Sunday, January 2, 2011

The Word Made Flesh

(Sermon preached on Sunday 2nd January 2011 at North Ryde Community Church).

Still in the Christmas Season

Today is the 9th day of Christmas, and, if your true love is sending you 9 drummers drumming, it will be a noisy day for you.

Nevertheless, it is still the Christmas season. We can still recall the stories and infancy of Jesus, given to the world as the Christ for all time.

We can still celebrate the wonder of this incarnation as we stand at the threshold of the new year of 2011 with all the challenges and opportunities that it will bring.

In John 1:10, we read the version from John’s Gospel, the Word made flesh, or, as Charles Wesley put it, “Our God contracted to a span Incomprehensibly made man.”

“Incomprehensibly” is the word, particularly in this holiday season when even our brains are likely to go on holiday as well.

We’re having a well-earned break and you want us to get our minds around the Word becoming flesh for us.

The story of Pinocchio - My most influential religious film

Let’s not feel guilty about it. It has taken over 2000 years and the human cranium is still having some difficulty coming to grips with it.

This is why I have found the story of Pinocchio so useful. Some of us saw the film when we were small children. I would say it became one of the most influential films in my childhood.

When I am asked what was the most influential religious film I’ve seen, I raise eyebrows for replying, “Pinocchio”.

The condition for true humanity (Jn 1:10)

It is the story of Geppetto the woodcarver who carved a wooden puppet he named Pinocchio.

This lonely old bachelor carved him in the form of a son he’d wished he had and yearned that this puppet could be a real boy, free from strings and enabled to become truly human.

Geppetto gets his wish from the blue fairy but with the condition that Pinocchio can behave as a real human with all the humane qualities of humanity.

We start to see what it means for God’s Word to become flesh, and again the challenge is for this expression to behave as a real human with all the humane qualities of humanity.

Pilgrim’s Progress

The baby Jesus grew up to be a trailblazer for us, but Pinocchio becomes so much like us stumbling along the way. He becomes like the pilgrim in John Bunyan’s “Pilgrim’s Progress”. I found that book a bid hard and formidable to read, and way above my head.

Pinocchio?
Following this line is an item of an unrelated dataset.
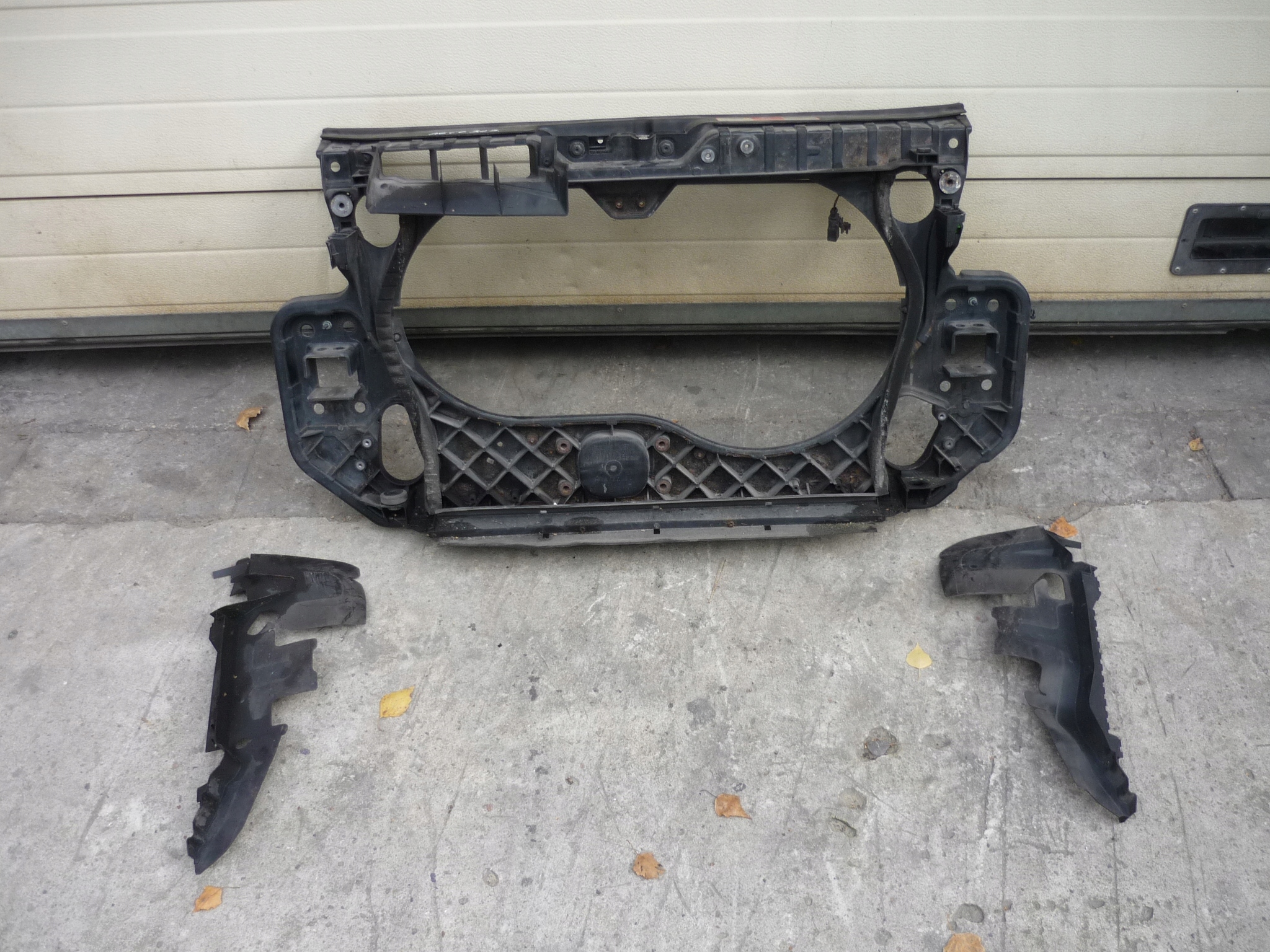 ПЕРЕДНЯЯ ПАНЕЛЬ ПЕРЕДНИЙ WZMOCNIENIE ВЕДУЩИЙ A6 C6f0805594g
He was a child like me, and he was called to be a pilgrim to go on his journey towards true humanity.

Pinocchio is easily distracted by smooth talk to follow the line of least resistance.

A nose for truth (Jn 8:32)

Remember when we were children and we were told when we told a whopper that our nose was growing and growing and soon a little bird would come and build a nest on the end?

We’d get into all kinds of trouble trying to get around the truth. But here again, Jesus tells us through John’s Gospel (8:32), “You will know the truth and the truth will free you.”

Making asses of ourselves

Remember when our antics were described as making an ass of ourselves and how we could be exploited through our unwise decisions?

That is the point of becoming human of rising above those instincts that can trap into mere animal existence.

We see Pinocchio about to become trapped.

Pinocchio Made Flesh - Buried in Monstro (Mt 12:40; Jn 15:13)

Geppetto risks his life to rescue him and is swallowed by Monstro the whale.

Pinocchio, in turn, risks his own life to rescue the man he’d known as creator and father and, like him, ends up in Monstro.

Here, we remember the words from Jesus, this time from Matthew’s Gospel (12:40), “For as Jonah was 3 days and nights in the belly of the whale, so will the son of man be three days and nights in the heart of the earth.”

This refers to the ultimate self-sacrifice this Word made flesh would make, his crucifixion and resurrection, echoed back in John’s Gospel (15:13), “Greater love has no one that anyone should lay life down for friends.”

In the story, Pinocchio becomes entitled to become a living human being because he turns his back on making an ass of himself, or a puppet to others, and gives himself for the life of another.

Also sent (Jn 20:21b)

This is where the story of Pinocchio leads us back into John’s Gospel. The Word became flesh and came and stayed with us. He put his self-interest aside for every human being. So far, we know this.

But where does this take us in this new year of 2011 still within this season of Christmas?

Again, we find the context within John’s Gospel (20:21b), this time towards its end as Jesus breathes upon his disciples. “As the Father sent me, I also send you.”

As God sent Jesus to be truly human, so Jesus breathes upon us to be truly human that all may experience what it means to be truly human.

Jiminy Cricket

It is no coincidence, that Pinocchio was supplied with a companion, named Jiminy Cricket, to be his conscience and his guide.

An earlier film, “The Wizard of Oz” has Dorothy exclaiming, “Gee, gosh, jiminy cricket” as part of the expressions overheard from pious adults disguising their impiety.

The initials “JC” give it all away, don’t they?

This year we have the spirit of Jesus Christ as our constant companion and guide so that the decisions we make, together and personally, reflect the true humanity that has been presented to us through the Word made flesh.